Kebahagiaan itu relatif dan kepuasan itu tentatif. Menyatu dalam tubuh Perguruan Tinggi Negeri yang dikata-kata merupakan perguruan negeri terbaik di kota ini (Medan), ternyata belum mampu membebaskan saya dari peluru pertanyaan yang menembaki kepala dan mental saya hingga tumbang perlahan-lahan. Mulailah kerabat, tetangga, bahkan orang yang sekadar numpang lewat dalam hidup saya berkomentar ini itu, “Nanti kalau sudah lulus bisa kerja dimana dengan gelar seperti itu? Kenapa gak pilih jurusan lain saja, kan lebih banyak lapangan pekerjaannya tuh? Kapan lulusnya? IP kamu berapa? Pertanyaan berlanjut terus bahkan setelah saya mendapatkan gelar sarjana. Kamu sudah kerja? Kerja dimana? Kenapa melakukan pekerjaan seperti itu? Dapat gaji berapa?
Hal yang paling menjemukan di Indonesia ini adalah pikiran-pikiran umum yang senantiasa menggeneralisasikan segala hal dengan kebiasaan. Pikiran-pikiran seperti itulah yang tanpa sadar mengintimidasi mental dan memaksa kita membiasa agar tidak terlihat luar biasa. Masyarakat kebanyakan beranggapan bahwa seorang sarjana itu seharusnya berada di kantoran, pakai baju rapi, gaji yang lumayan tinggi, pemikiran orang zaman dulu yang cenderung konvensional.

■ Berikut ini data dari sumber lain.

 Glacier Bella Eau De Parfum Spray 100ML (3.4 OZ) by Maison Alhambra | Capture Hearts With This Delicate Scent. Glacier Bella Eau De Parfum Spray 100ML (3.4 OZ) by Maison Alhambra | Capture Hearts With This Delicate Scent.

Sungguhpun demikian, saya tidak dapat menepis bahwa pemikiran itu sempat mengendalikan saya. Saya pun akhirnya bekerja ke perusahaan bernama dengan gaji “gede” di tangan, tetapi semua ide kreatif saya dimentahkan oleh pimpinan karena terlalu “WOW”, beresiko, dan tidak biasa. Lalu saya putuskan berhenti bekerja dan membuka usaha online shop yang masih saya jalani sampai saat ini.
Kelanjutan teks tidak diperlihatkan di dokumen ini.